Chapitre 9 : La bataille pour l’oasis
Partie 3
Après s’être relevé, Gaston regarda autour de lui et constata que ses hommes se battaient désespérément à l’entrée du tunnel. Ils abattaient les hordes de monstres qui se précipitaient sur eux et le sable se transformait en goudron noir autour d’eux. Ils semblaient tenir bon, même sans leur capitaine.
Il se dit qu’il ferait mieux de se rendre sur place, mais au moment où il s’apprêtait à avancer, il se figea.
Il entendit quelque chose ramper autour de ses pieds et comprit que les fluides corporels du Bare Beholder avaient commencé à se déplacer d’eux-mêmes. Le sang des autres monstres faisait de même. Tout le sang se rassemblait lentement en un seul point, et la lourde et inquiétante sensation qui régnait dans l’air fit perler la sueur sur le front du vieux guerrier.

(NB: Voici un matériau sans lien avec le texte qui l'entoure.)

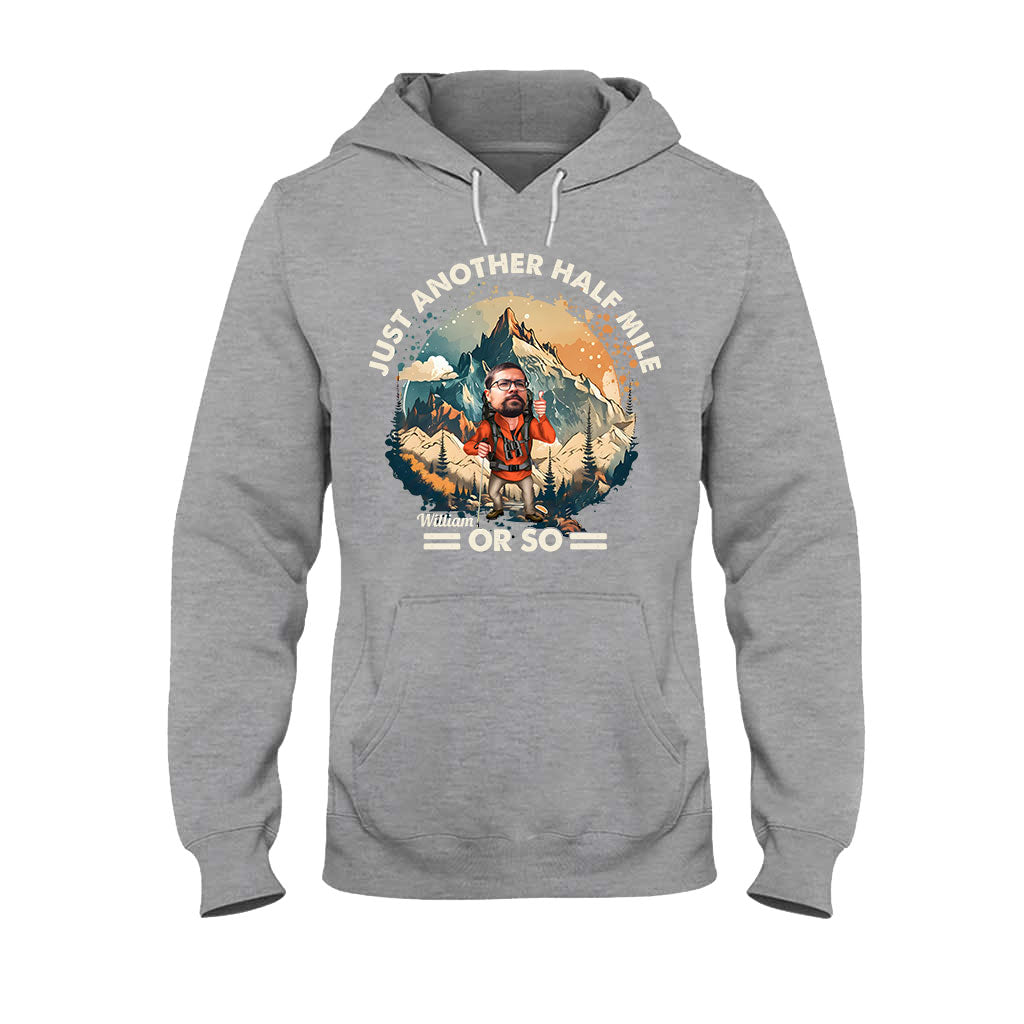 Nur noch etwa eine halbe Meile – personalisiertes Wander-T-Shirt und Hoodie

Le bruit sinistre résonnait sur tout le champ de bataille, donnant la chair de poule aux soldats. Leurs yeux étaient rivés sur le spectacle inquiétant des fluides qui prenaient une forme humaine, comme s’ils assistaient à la naissance de la mort incarnée.
« Bloodpool » (Bain de sang) apparut au-dessus du monstre en lettres sanglantes.
Gaston eut un petit rire exaspéré et dit : « Est-ce donc ça que j’attendais ? »
Il ramassa le poignard qu’il avait laissé tomber par terre, et contrairement à son habitude, il était empli d’une détermination implacable, tandis qu’une aura émanait de lui. Après avoir vaincu un capitaine, Gaston devait maintenant affronter l’un des hauts gradés de l’armée démoniaque. Au fond de lui, il savait instinctivement qu’il n’était pas de taille à affronter son adversaire.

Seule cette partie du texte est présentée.